Tamashobana (“tamashi” means “game” in Georgian) is a company dedicated to producing products for Georgian games. It was founded in 2015 by two friends – Nini Chikovani and Nona Songhulashvili.

“I was with Nona when her little nephew ran up to us and asked to play together. We offered him to play “rezinobana” (a game when two people stretch a circular piece of rubber between them to form two parallel lines and the player does various acrobatic feats in the middle without tripping), but it turned out that neither did we have the rubber nor did the kid know this game, even though it was extremely popular in our childhood,” says Nini. This is when she and her friend got the idea to engineer a revival. “The current generation has no idea about the games that we and our parents played. All they do is spend time sitting at their computers or staring into their phones. In my childhood, almost every single family had a tradition of playing lotto in the evening; today, this tradition is gone and children do not even know what lotto is. This is why we decided to resurrect all these games,” she explains.
The first stage of their work was to list the games that were all but forgotten nowadays. After making use of numerous written and oral sources, they compiled an impressive list that had to be divided into categories – games to be played at home, games that require a table, games played outside, games played exclusively when it’s raining, etc.
“Historically, games have played a large role in Georgians’ everyday life, and numerous local and foreign sources alike confirm this. If we look at our writers’ works, almost all of them contain descriptions of various games and festivities. Games made people healthier, they cheered and livened them up. This is why we think it is necessary to revive Georgian games and let them spread. Original, historical Georgian games were very active and vigorous, requiring far more flexibility and endurance than anything similar they had in Europe, except probably Rome and Sparta.Games unite children, teach them to follow the rules and uphold order, raise their willpower, make them hardier, more determined to overcome obstacles and happier, of course,” says Nini.

Even though the girls’ first priority is to become successful at the Georgian market, instructions for the games come in English as well as Georgian, to prevent the language barrier interfering with tourists’ interest. By the way, these games are not just for children – adults can play them perfectly fine, too. Also, Tamashobana’s creators care a great deal about the environment: “Almost everything we have is handmade of wood; what isn’t wooden is made from ecologically clean products, not low-quality plastic. This is very important for us.”

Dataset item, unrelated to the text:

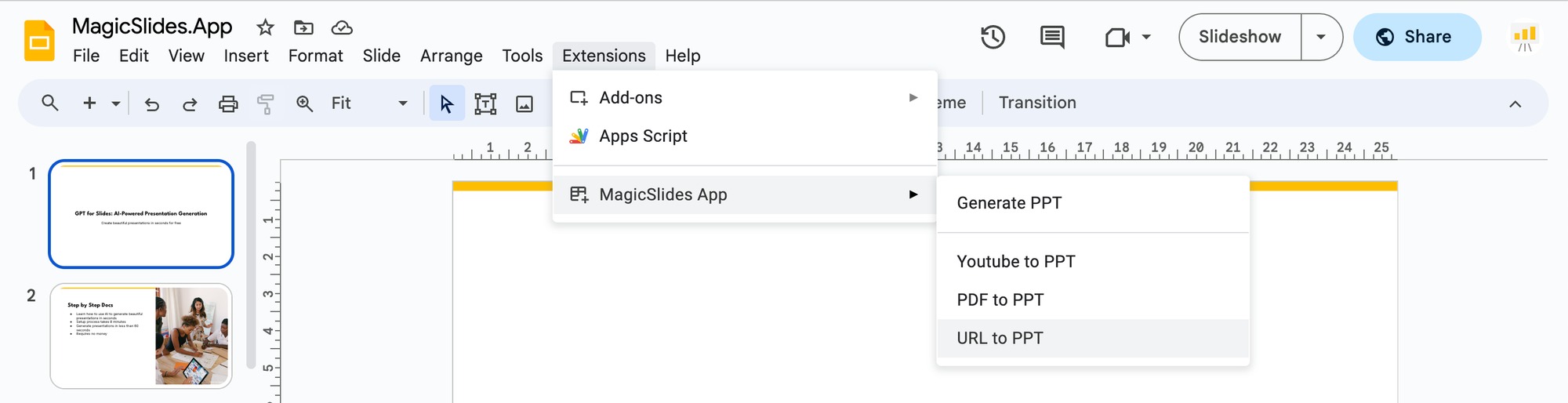 launching MagicSlides app URL to PPT feature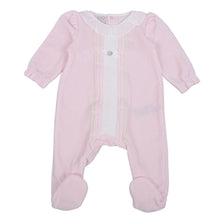 Load image into Gallery viewer, Pink Velour &amp; Lace Babygrow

Initially, Tamashobana is going to sell its goods through its website, with free delivery throughout the country. “We are also having talks with a bookstore network Biblusi, which can be a perfect vector for selling our goods. We researched the market and saw that toys similar to the ones we make are far more expensive than ours, while the purpose behind our company is precisely to make sure that these toys are available to everyone, so that children would return to traditional Georgian games.”
The closest thing English has to the Georgian word “tamashobana” is “gaming”; while seemingly long, it’s very easy to pronounce. “My partner Nona Songhulashvili came up with the name. At first we were afraid that people wouldn’t pick it up because it was long, but “tamashobana” is so satisfying to pronounce that people easily remember it and everyone immediately understands what it is about,” Nini explains.

The two girls have grand plans for the future. They want Tamashobana to enter every Georgian home, because playing is mandatory.